Each line of data below is to be returned exactly, leaving out any picture.

### [AVAILABLE DATA]
------------------------

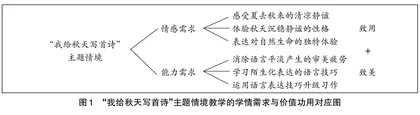 致用与致美：  “文学阅读与创意表达”任务群的价值探寻
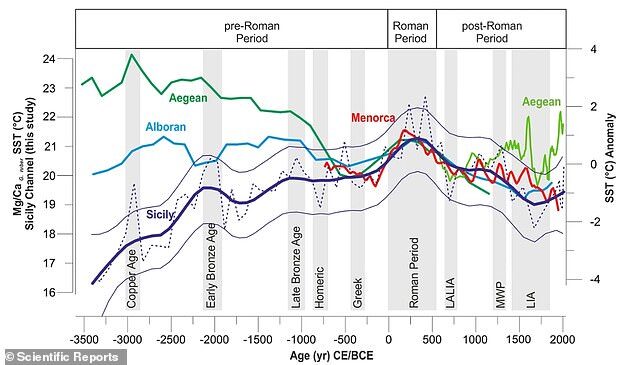 Click to enlarge mediterranean warm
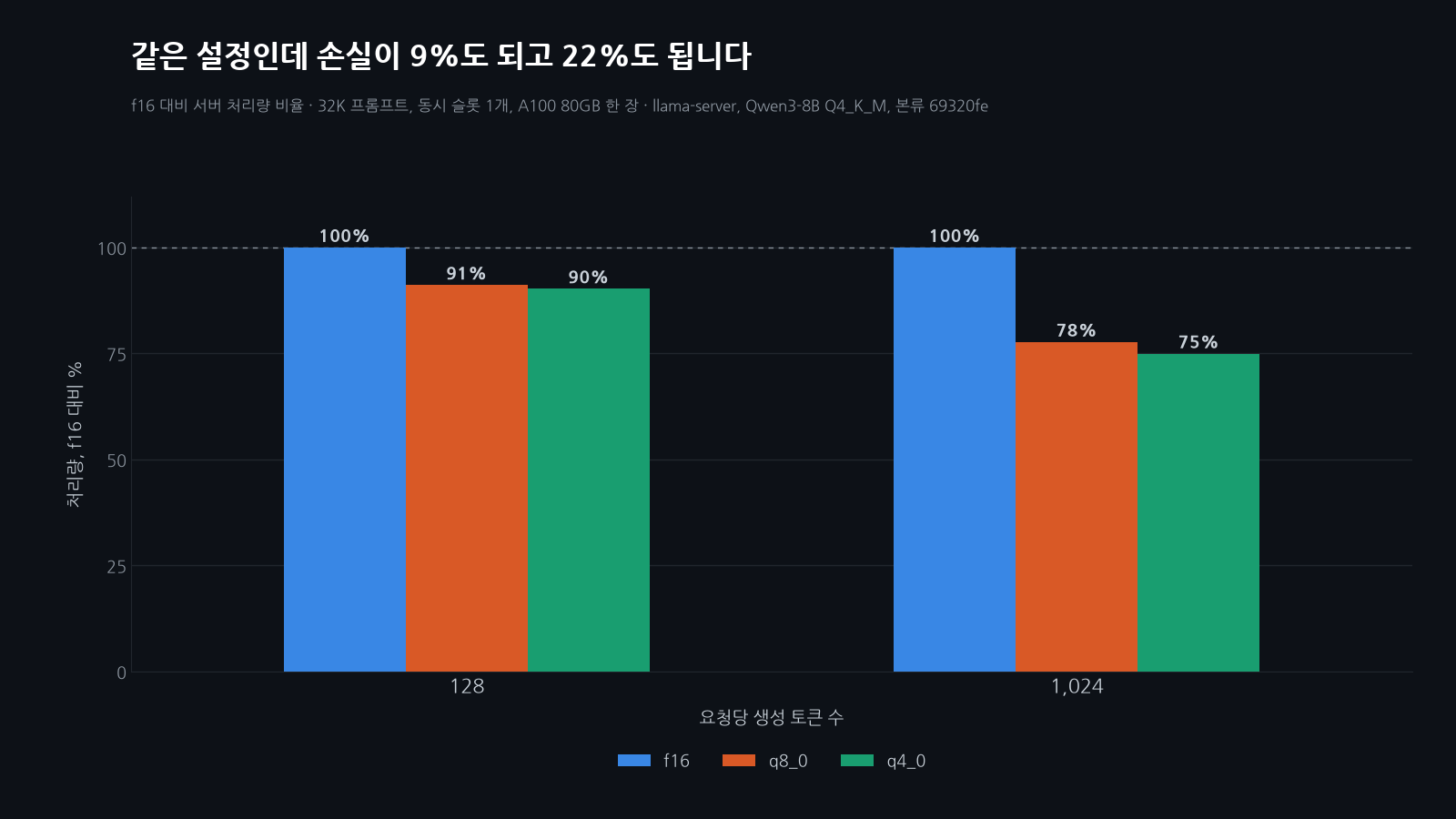 32K 프롬프트에 슬롯 1개일 때 f16 대비 서버 처리량을 묶음 막대로 표시. 출력 128토큰에서 q8_0이 91%, q4_0이 90%이고, 출력 1,024토큰에서는 78%와 75%로 내려간다.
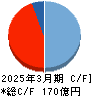 いちよし証券 キャッシュフロー計算書 2025年3月期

------------------------

### [RESULT FOR THIS TASK]
 致用与致美：  “文学阅读与创意表达”任务群的价值探寻
 Click to enlarge mediterranean warm
 32K 프롬프트에 슬롯 1개일 때 f16 대비 서버 처리량을 묶음 막대로 표시. 출력 128토큰에서 q8_0이 91%, q4_0이 90%이고, 출력 1,024토큰에서는 78%와 75%로 내려간다.
 いちよし証券 キャッシュフロー計算書 2025年3月期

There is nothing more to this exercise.